----- DATA FOR ANALYSIS

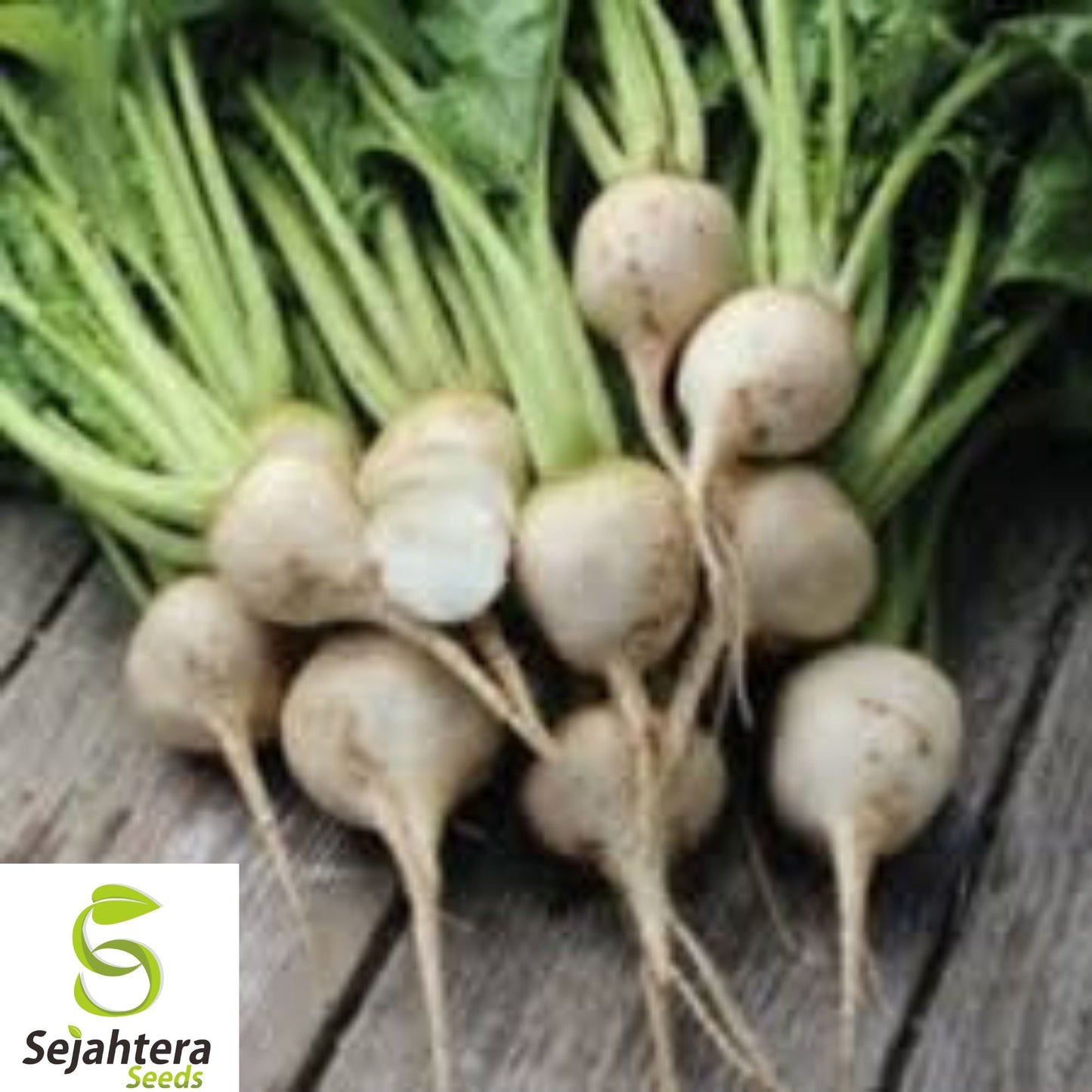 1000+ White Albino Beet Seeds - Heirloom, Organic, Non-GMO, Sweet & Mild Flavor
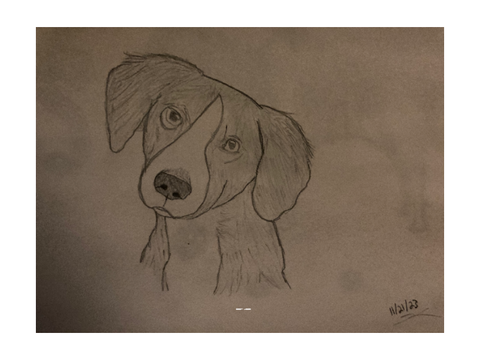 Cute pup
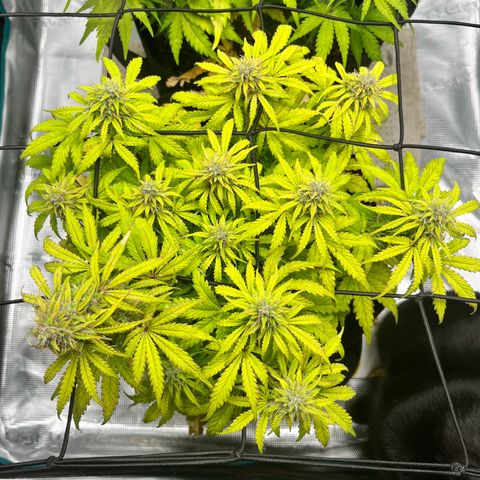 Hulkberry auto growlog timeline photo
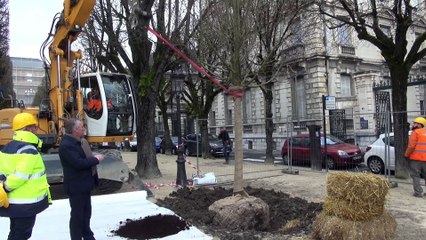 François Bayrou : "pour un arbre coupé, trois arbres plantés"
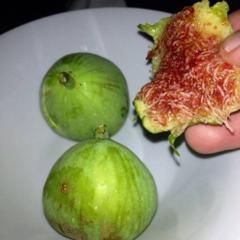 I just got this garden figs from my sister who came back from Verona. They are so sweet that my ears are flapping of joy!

----------

#### WORK REQUIRED:
Return the lines above exactly; the images are not part of the copy.

#### SOLVED EXERCISE:
 1000+ White Albino Beet Seeds - Heirloom, Organic, Non-GMO, Sweet & Mild Flavor
 Cute pup
 Hulkberry auto growlog timeline photo
 François Bayrou : "pour un arbre coupé, trois arbres plantés"
 I just got this garden figs from my sister who came back from Verona. They are so sweet that my ears are flapping of joy!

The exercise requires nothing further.